How to convert standard json into prolog json?

I’m not talking about the 70’s, I’m talking about today. Today json is ubiquitous, and stdlib/built-in functions and predicates, whatever you want to call it, can be updated to support modern use cases. Java waited until Java 17 to support pattern matching in switch cases. If you tried to use

switch(input) {
	case Foo f -> "hello"
	case Bar b -> "world"
}

in java v16, it wouldn’t have worked.

Likewise, swi is on version 9 now and has certain built-in predicates that it ships with. I can use member/2 , append/3, and so forth. They may have been added at various versions of the language. Version 10 could potentially include spec_json_to_prolog_json/2 implemented as you did, but I’m saying if it could happen in the next version, it could have also happened several versions ago.

There is a PIP (Prolog Improvement Proposal) scheduled on this. The idea is to agree on a common library interface for json. The PIP is still in its infancy (other PIPs have kept people busy) but hopefully we will be able to have a common design at some point.

1 Like

Yes :grinning:

Because e.g. Prolog supports terms, which JSON does not, and JSON supports null. So there is no guarantee of conversion, in either direction.

Well null is the least of it. { "a": 123 } is also valid json and isn’t covered without further handling.

I know I am late for the party, but I do not understand: why wouldn’t you just treat the JSON that the user provides as a string? Then you can parse it using the normal facilities?

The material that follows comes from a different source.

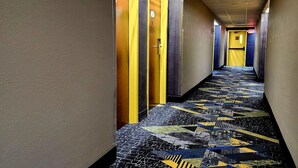 Un couloir d’hôtel avec un sol à motifs, des portes jaunes et un plafond carrelé.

Or, just let them input the JSON as a string? Especially if the user does not want to figure out Prolog?

Like,

?- atom_json_dict('{"a":1,"b":2,"c":3}', JSON, []).
JSON = _{a:1, b:2, c:3}.

Note that the example you gave:

?- get_json_b_param({a:1,b:2,c:3},B).

This is somehow a mixture of Prolog and JSON and while it can be parsed by Prolog it is not valid JSON at all, isn’t that so?

This interface also gives you the necessary control over JSON to Prolog mapping, see the options in the third argument of atom_json_dict/3. Most of the available options are actually documented in json_read/3.

1 Like

Many languages have some dynamic object/dict/map/… key-value set whose syntax resembles JSON. In most cases they support a superset of what JSON can represent. These language constructs are not JSON. They can merely be used to represent JSON. Typically the match is not 100% either way: not all JSON documents can be represented in the language primitive and not all language objects can be represented as JSON. Some examples

  • JSON allows for duplicate keys. Neither Python, nor JavaScript nor SWI-Prolog dicts can handle duplicate keys.
  • Some language object representations preserve the key order, others not. I don’t know the rules or implications of this.
  • SWI-Prolog can represent all JSON data types. There are some problems though. If we represent JSON strings as Prolog strings, all is fine. In practical applications, using atoms is often more natural, but than null, false and true become ambiguous as Prolog has no data type for nothing nor for Boolean.
  • JSON has no limit on the number of digits in a number. Some languages have. For SWI-Prolog, integers are unlimited, but floats are IEEE 64 bit doubles and thus limited.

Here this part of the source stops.